Monday, 27 May 2013

The effect of parasitic Nematodes on European Eels.

European Eels, Anguilla anguilla, have a complex life-cycle; they hatch from eggs in the Sargasso Sea in the southwest North Atlantic, then migrate to European inland waterways where they grow for up to 25 years before returning to the Sargasso to breed. This life-cycle exposes leaves them exposed to a number of human-related threats, including overfishing, habitat loss and pollutants, and the species has suffered a dramatic decline in numbers since the 1970s, to the alarm of conservationists. Since the 1980s the species is also known to be widely suffering from infection from an invasive parasitic Nematode worm, Anguillicoloides crassus, which probably entered Europe with imported Eels from Southeast Asia, and against which the European Eel apparently has no natural defenses. 

The European Eel, Anguilla anguilla. Animal Base/Staats-und Universitätbibliothek Göttingen.

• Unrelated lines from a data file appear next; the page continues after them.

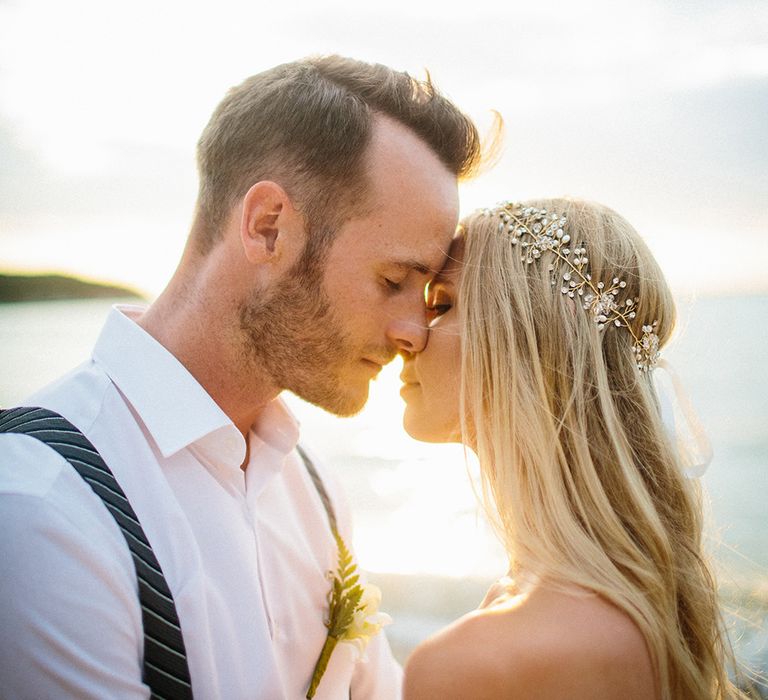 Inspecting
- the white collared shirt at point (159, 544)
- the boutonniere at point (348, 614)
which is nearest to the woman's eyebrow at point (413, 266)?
the white collared shirt at point (159, 544)

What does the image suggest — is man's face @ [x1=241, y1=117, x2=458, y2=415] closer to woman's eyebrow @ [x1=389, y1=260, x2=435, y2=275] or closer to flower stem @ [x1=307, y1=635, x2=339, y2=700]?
woman's eyebrow @ [x1=389, y1=260, x2=435, y2=275]

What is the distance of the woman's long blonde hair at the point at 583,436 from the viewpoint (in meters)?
2.38

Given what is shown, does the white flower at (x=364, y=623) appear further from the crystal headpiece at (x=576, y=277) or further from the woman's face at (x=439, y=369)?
the crystal headpiece at (x=576, y=277)

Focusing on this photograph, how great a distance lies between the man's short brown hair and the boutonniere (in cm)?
133

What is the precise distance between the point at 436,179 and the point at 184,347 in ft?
3.79

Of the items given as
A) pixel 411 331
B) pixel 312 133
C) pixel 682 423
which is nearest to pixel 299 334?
pixel 411 331

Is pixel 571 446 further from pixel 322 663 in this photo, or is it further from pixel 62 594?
pixel 62 594

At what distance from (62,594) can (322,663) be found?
1000 millimetres

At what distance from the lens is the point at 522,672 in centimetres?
205

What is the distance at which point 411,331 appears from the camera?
278 centimetres

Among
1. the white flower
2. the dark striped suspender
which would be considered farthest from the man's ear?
the white flower

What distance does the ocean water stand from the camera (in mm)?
8969

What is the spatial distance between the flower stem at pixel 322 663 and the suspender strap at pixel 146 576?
0.58 metres

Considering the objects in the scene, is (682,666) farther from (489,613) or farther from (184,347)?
(184,347) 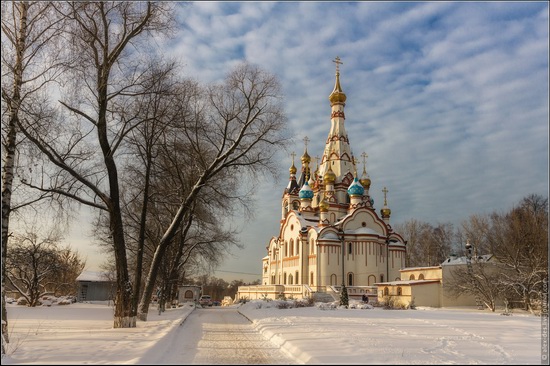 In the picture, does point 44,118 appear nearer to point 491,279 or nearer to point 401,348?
point 401,348

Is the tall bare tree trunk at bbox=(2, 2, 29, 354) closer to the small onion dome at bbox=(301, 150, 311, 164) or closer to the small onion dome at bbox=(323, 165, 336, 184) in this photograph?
the small onion dome at bbox=(323, 165, 336, 184)

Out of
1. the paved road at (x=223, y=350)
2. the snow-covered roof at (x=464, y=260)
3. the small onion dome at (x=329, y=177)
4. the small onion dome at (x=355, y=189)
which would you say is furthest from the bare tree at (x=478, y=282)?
the paved road at (x=223, y=350)

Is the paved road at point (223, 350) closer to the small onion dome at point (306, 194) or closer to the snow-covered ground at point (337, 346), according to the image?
the snow-covered ground at point (337, 346)

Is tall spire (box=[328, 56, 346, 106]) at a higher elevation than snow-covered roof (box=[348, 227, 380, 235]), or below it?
higher

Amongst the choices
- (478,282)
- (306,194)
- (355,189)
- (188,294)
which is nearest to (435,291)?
(478,282)

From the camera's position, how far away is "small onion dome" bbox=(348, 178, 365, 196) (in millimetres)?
51594

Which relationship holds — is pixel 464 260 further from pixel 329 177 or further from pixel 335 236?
pixel 329 177

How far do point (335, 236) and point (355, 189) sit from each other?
6463 millimetres

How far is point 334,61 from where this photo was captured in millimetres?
56000

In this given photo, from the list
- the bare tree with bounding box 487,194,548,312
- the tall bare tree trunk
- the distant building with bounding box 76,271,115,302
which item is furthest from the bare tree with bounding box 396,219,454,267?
the tall bare tree trunk

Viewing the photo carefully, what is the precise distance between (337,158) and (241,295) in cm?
2102

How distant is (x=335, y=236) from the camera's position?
48219mm

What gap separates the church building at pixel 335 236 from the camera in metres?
47.5

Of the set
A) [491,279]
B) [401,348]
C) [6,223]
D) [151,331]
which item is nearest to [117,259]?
[151,331] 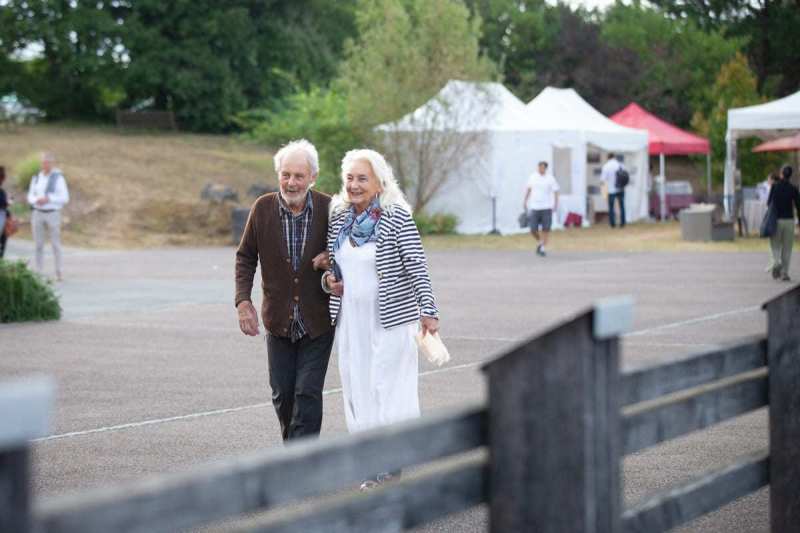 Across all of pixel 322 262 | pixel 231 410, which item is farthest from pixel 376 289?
pixel 231 410

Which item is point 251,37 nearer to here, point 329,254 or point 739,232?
point 739,232

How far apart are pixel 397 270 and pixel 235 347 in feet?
21.0

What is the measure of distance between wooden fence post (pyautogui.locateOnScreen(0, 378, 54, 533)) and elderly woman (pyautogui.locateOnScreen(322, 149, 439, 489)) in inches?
183

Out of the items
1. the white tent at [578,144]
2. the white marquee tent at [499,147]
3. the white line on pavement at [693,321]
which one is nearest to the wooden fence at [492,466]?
the white line on pavement at [693,321]

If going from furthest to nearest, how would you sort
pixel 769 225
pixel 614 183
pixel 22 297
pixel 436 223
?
1. pixel 614 183
2. pixel 436 223
3. pixel 769 225
4. pixel 22 297

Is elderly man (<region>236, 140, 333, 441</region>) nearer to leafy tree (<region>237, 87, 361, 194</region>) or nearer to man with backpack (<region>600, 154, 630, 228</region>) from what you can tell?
leafy tree (<region>237, 87, 361, 194</region>)

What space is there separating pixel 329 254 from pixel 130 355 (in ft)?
19.8

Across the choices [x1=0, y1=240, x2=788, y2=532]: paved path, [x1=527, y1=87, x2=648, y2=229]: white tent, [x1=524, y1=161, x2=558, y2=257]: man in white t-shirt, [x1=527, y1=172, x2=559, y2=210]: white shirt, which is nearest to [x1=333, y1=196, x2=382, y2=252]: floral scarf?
[x1=0, y1=240, x2=788, y2=532]: paved path

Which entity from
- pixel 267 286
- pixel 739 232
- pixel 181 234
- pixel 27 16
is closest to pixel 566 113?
pixel 739 232

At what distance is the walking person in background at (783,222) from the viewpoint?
1961cm

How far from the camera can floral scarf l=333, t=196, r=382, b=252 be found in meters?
6.75

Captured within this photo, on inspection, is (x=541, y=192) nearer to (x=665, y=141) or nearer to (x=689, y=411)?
(x=665, y=141)

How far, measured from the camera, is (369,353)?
6859 mm

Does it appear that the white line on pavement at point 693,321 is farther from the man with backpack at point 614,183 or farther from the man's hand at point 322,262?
the man with backpack at point 614,183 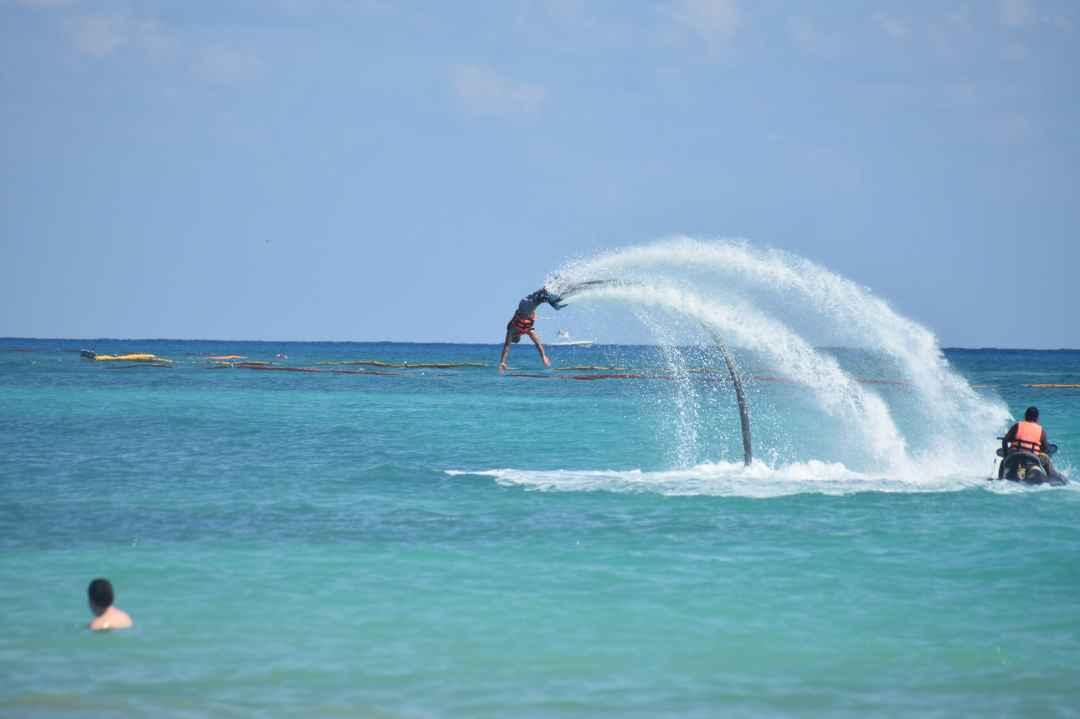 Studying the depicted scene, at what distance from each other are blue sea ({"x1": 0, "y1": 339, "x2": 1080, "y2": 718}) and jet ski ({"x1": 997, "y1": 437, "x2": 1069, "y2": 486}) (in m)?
0.36

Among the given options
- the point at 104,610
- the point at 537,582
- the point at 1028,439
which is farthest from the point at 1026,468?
the point at 104,610

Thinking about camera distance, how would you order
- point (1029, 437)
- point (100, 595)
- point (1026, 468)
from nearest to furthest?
point (100, 595) < point (1029, 437) < point (1026, 468)

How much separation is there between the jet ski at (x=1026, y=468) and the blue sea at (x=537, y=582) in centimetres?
36

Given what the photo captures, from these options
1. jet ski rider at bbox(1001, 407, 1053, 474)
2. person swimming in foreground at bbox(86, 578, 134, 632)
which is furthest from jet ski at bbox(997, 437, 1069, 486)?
person swimming in foreground at bbox(86, 578, 134, 632)

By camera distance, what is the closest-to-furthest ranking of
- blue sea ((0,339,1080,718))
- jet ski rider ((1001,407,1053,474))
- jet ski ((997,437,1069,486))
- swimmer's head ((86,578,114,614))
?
1. blue sea ((0,339,1080,718))
2. swimmer's head ((86,578,114,614))
3. jet ski rider ((1001,407,1053,474))
4. jet ski ((997,437,1069,486))

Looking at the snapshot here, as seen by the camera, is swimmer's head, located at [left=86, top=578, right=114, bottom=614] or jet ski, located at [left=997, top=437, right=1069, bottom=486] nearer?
swimmer's head, located at [left=86, top=578, right=114, bottom=614]

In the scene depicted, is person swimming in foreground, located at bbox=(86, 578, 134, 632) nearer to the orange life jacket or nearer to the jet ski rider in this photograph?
the jet ski rider

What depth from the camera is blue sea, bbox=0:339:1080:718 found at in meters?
14.0

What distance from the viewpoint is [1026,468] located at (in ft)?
95.3

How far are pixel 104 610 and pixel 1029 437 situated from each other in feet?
69.0

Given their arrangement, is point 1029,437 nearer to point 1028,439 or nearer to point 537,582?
point 1028,439

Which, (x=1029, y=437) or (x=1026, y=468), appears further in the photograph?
(x=1026, y=468)

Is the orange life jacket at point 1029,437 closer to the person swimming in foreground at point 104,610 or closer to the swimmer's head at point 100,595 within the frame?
the person swimming in foreground at point 104,610

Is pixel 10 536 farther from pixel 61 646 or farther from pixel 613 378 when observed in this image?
pixel 613 378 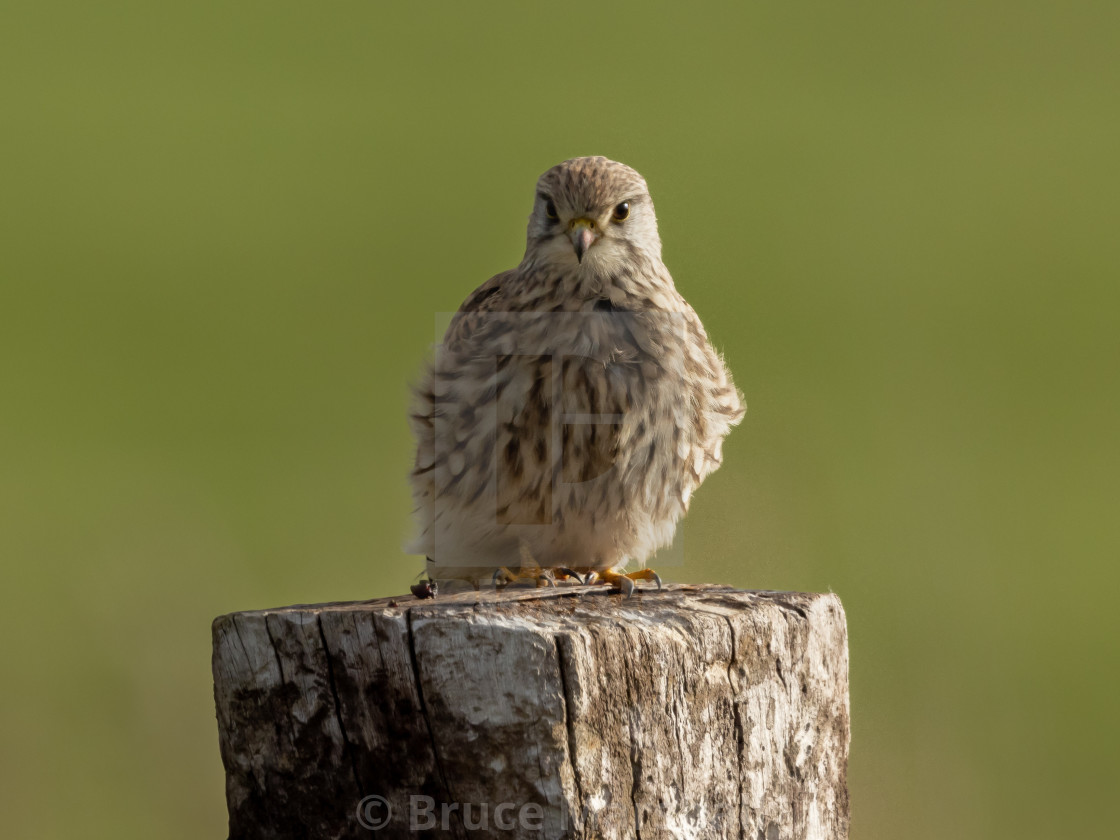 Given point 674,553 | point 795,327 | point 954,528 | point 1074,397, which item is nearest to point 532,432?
point 674,553

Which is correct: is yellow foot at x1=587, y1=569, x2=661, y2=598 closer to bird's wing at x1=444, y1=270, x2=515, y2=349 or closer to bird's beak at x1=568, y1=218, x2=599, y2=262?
bird's wing at x1=444, y1=270, x2=515, y2=349

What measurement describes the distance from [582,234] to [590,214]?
0.62 ft

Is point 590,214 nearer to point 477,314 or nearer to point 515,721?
point 477,314

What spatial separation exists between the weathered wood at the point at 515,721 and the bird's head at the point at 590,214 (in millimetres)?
1747

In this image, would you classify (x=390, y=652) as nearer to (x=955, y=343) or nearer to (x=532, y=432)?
(x=532, y=432)

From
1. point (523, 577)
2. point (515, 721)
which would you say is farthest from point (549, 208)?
point (515, 721)

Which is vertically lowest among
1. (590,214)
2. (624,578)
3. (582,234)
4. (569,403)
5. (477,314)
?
(624,578)

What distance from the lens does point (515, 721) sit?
282cm

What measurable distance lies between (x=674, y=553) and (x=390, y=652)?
2454 millimetres

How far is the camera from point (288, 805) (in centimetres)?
302

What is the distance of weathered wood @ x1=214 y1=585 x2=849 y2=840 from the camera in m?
2.83

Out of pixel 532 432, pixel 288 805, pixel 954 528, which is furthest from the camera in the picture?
pixel 954 528

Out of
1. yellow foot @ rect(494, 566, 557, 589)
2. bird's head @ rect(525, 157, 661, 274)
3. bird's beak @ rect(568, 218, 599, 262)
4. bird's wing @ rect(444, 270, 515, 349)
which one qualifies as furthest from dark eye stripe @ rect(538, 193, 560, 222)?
yellow foot @ rect(494, 566, 557, 589)

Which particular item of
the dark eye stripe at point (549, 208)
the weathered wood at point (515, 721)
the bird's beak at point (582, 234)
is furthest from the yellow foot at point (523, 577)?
the dark eye stripe at point (549, 208) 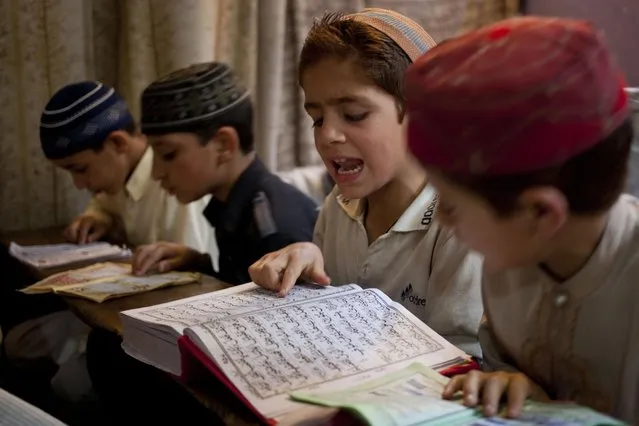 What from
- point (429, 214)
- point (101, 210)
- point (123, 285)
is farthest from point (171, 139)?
point (429, 214)

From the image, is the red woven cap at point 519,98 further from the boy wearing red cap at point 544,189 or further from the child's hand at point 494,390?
Result: the child's hand at point 494,390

Anguillicoloides crassus infects the swim-bladders of Eels, and from where it drains blood. The Nematode has a much shorter life-cycle than the Eel, and an infection will purge itself since eggs are laid outside the host, but multiple infections can damage or even destroy the swim-bladder, removing the Eels ability to control its own buoyancy and killing it. Anguillicoloides crassus is not reliant on the Eels to survive, it can use a variety of hosts including many types of Fish and Crustaceans, so a reserve of Nematodes is likely to remain in the environment even if the Eels become locally extinct, so that new Eels recolonizing an area will be infected immediately.

The parasitic Nematode Worm, Anguillicoloides crassusAquaNIS.

Eels raised in the laboratory and infected with Anguillicoloides crassus, tend to be underweight compared to other Eels of the same age. Such infected Eels are approximately the same length as uninfected Eels, but are notably thinner. Based upon this studies of Eels in the field have tended to use weight-to-length ratio as a proxy for Nematode infection, though this has never actually been tested in wild Eels.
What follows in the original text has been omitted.